HOW TO MAKE A THEREMIN SOUND GOOD
Anyone interested in the roots of electronic music will eventually wind their way back to the Theremin, arguably the world's first electronic music synthesizer. Invented in 1919 by a Russian physicist, this instrument sounds as odd as it looks. It's essentially a box with two antennae, one controlling volume and the other controlling pitch. The performer moves her hands in a radius around the antennae, causing the instrument to warble and whistle in vaguely predictable ways. Mastering the theremin is a peculiar exercise, akin to learning the bagpipes or the alphorn: few of your best friends would be willing to listen to much of it, and that's assuming your roommates don't kill you first.
The theremin's sound is more familiar to moviegoers than music fans.
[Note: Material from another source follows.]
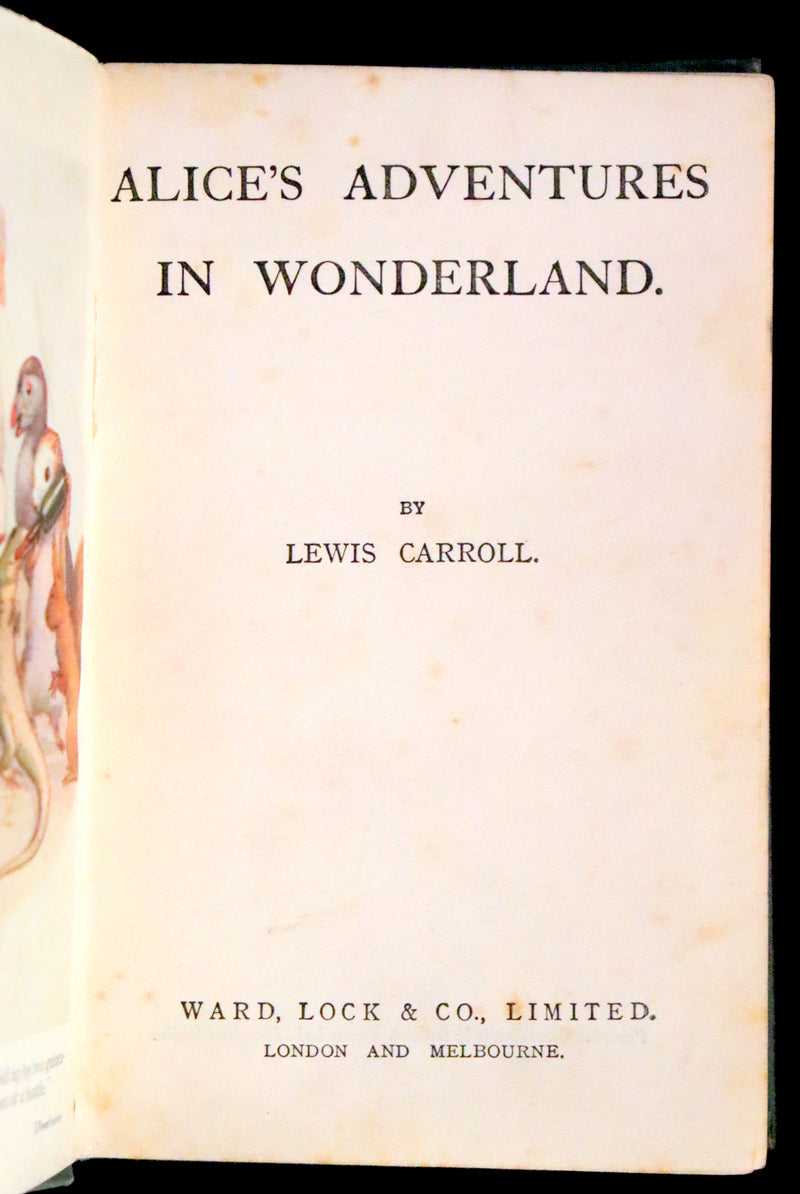 1920 Scarce Edition - Alice's Adventures in Wonderland with frontispiece by Margaret Tarrant.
The instrument was used in numerous Hollywood and B-movie scores during the '40s, '50s, and '60s, such as "The Day the Earth Stood Still," "It Came from Outer Space" and Hitchcock's "Spellbound." Perhaps the theremin's main claim to fame is its appearance as the lead melodic voice in the theme to the original "Star Trek" series.
Granted, artists from Led Zeppelin to Massive Attack have used the theremin for effect in occasional songs; but rare is the group that forces listeners to endure the creepy sounds of the instrument for more than a few minutes.
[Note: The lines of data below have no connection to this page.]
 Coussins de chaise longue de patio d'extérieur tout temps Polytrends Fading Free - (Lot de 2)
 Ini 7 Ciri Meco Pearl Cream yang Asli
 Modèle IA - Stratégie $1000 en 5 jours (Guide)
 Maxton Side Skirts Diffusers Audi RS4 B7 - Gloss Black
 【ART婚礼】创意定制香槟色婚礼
Rare, that is, until Barbez came along.
Here we have a band that features a full-time theremin player. Not only that, but the six-piece ensemble also features a marimba/ vibraphonist, as well as one dude who "plays" the Palm Pilot.
Not only that, but they're as good as they are weird - and they're plenty weird. Think, if you can, of early Kurt Weill (the band even covers two tunes from "The Threepenny Opera" on its latest CD), crossed with The Residents, dabbed with the sweat from Ozzy Osbourne's brow circa 1980.
Yeah, uh-huh. It's that strange. At any given moment, this New York-based ensemble can sound like a 20th century classical chamber ensemble; a metal band playing rock-opera; or a calliope played by the town drunk on a bender.
What's oddest about this band is that, the above-mentioned theremin notwithstanding, the most unpleasant part of their sound is the singer - a warbling Russian contralto named Ksenia Vidyaykina, whose singing compares poorly to that of the old churchlady who sits behind you and is too deaf to notice that she's singing too loudly. The band's Web site notes that Vidyaykina is "a dancer by trade"; perhaps she should have stuck to her day job.
The miracle of this group, then, is that, despite Vidyaykina's voice competing for attention with a theremin, the band is fascinating to listen to - in large part due to the rich, utterly unique and well-balanced blend of instruments. I'm apparently not the only one to think so; they've been hailed by reviewers at numerous respected publications, including The New Yorker, The Chicago Reader, and the Boston Globe.
Catch 'em at Jay's Upstairs, Tuesday, May 27, around 10ish. Cover charge TBD.